I can’t remember specifically what we were actually talking about now, but it had to do with a fight with my boyfriend #storyofmylife.  I was going through a relationship that involved more break ups than being together #firstlove, and my mom was telling me what she thought I should do.  I remember a weird feeling that said ‘your mom is great, and she does have great advice, but is this the best advice for YOU?’  It wasn’t the first time I questioned what my parents said, but it was the first time that I was actually adult enough to realize what was going on in my head.  When you are younger and feel it, you can’t tell if it’s just you wanting to do what your parents don’t want you to do or you just deciding to disagree because it’s fun.  But this time, I realized I had to listen to myself, choose my own path, and that freaked me out.

When you have been fortunate enough to look up to your parents or an elder mentor, it’s so hard to take that step and do what you want to do rather than what they are telling you.  Questions start popping in your head:  Could I really be right?  What happens if they are right?  What happens if this blows up in my face?  Will they support me if I don’t listen to them?  It’s like they have some sort of a spell on you and you know it, but you can’t seem to or really want to break away from it.  Well, as terrified and scared as I was, I decided to go with my approach.  It actually wasn’t pretty and we broke up AGAIN as a result, but I realized that even though it wasn’t what I wanted, it was ok.  From making that decision, I learned more about myself, what I need, and why my gut was telling me to make that choice.  I’ve harnessed that feeling over time and some of my biggest choices, like leaving the corporate world, have stemmed from knowing when to trust myself vs. listen to others.  So don’t rule out the feeling when you get it – sometimes the scary road less traveled is actually the right direction for you.

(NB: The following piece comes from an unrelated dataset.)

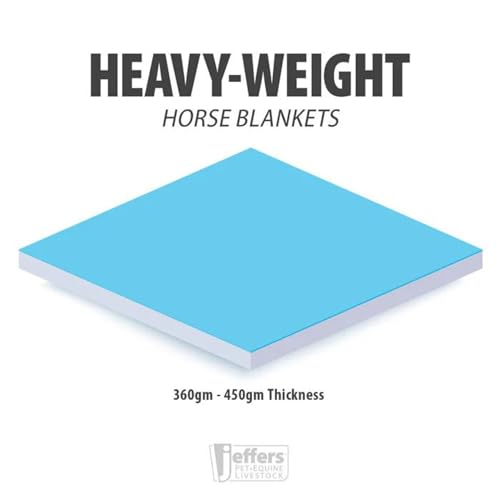 Jeffers Romper Stomper Horse Turnout Blanket, 1680D, 360g Fill, Brown - 66" - size: 66"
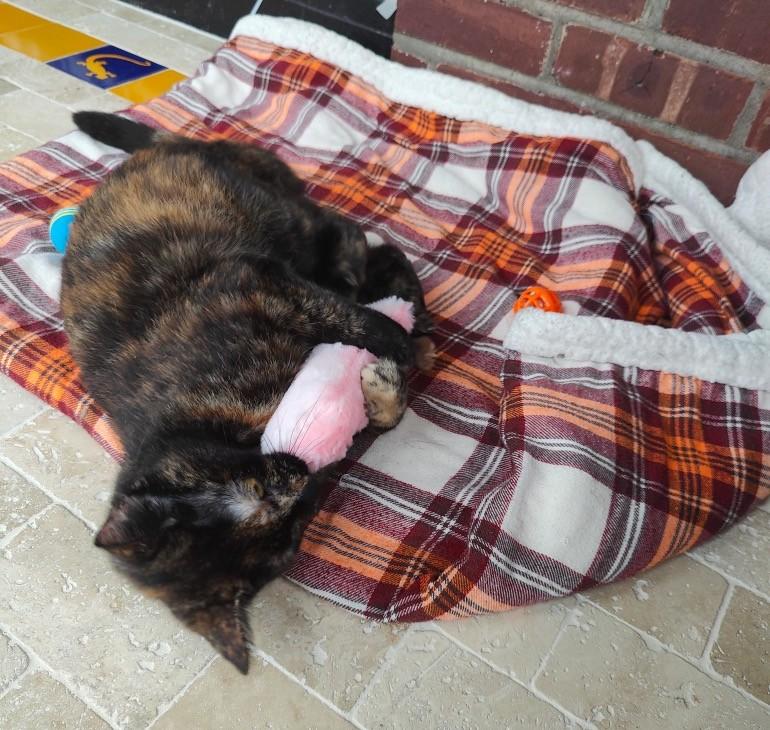 Fiona, a ADOPTABLE Tortoiseshell in Closter, NJ image 3/4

Serenity Prayer or Keeping Sanity?

There’s an old Serenity Prayer that goes:
God, grant me the serenity to accept the things I cannot change,
Courage to change the things I can,
And wisdom to know the difference.

Lately, I’m thinking this is more like a Sanity Prayer that should continue:
And don’t forget to take away my wi-fi while I decide.

So much of what we say today is permanent – it is recorded in our emails… listed in comments we make online… there are now even daycare apps that record down to when your child poops #gladitsnotme.   Being behind the veil of a computer or phone makes it easy to spout off whatever we want on whatever we want, forgetting that usually, on the other end are these aliens called humans.  I find myself reading more, learning more and also reacting more from the information overload at hand.

I’m a big proponent in fighting for and working towards change, but over time, I’ve realized that sometimes what I put in email or online isn’t actually helping promote change or discussion.  My words can instead be hurtful or misunderstood.  Emotion can get the best of me, and I’m firing off short phrases that can really only be said face-to-face.  So I’ve decided my best bet is to say the sanity prayer from time to time and practice ‘wi-fi restriction’ until I think through how and if I will join a cause.  It won’t be perfect, and for certain periods of the month I might need to cut myself off for days #moodiness, but I’m hopeful if we can all find our own version of the sanity prayer, we’ll be happier with our technological footprint down the road.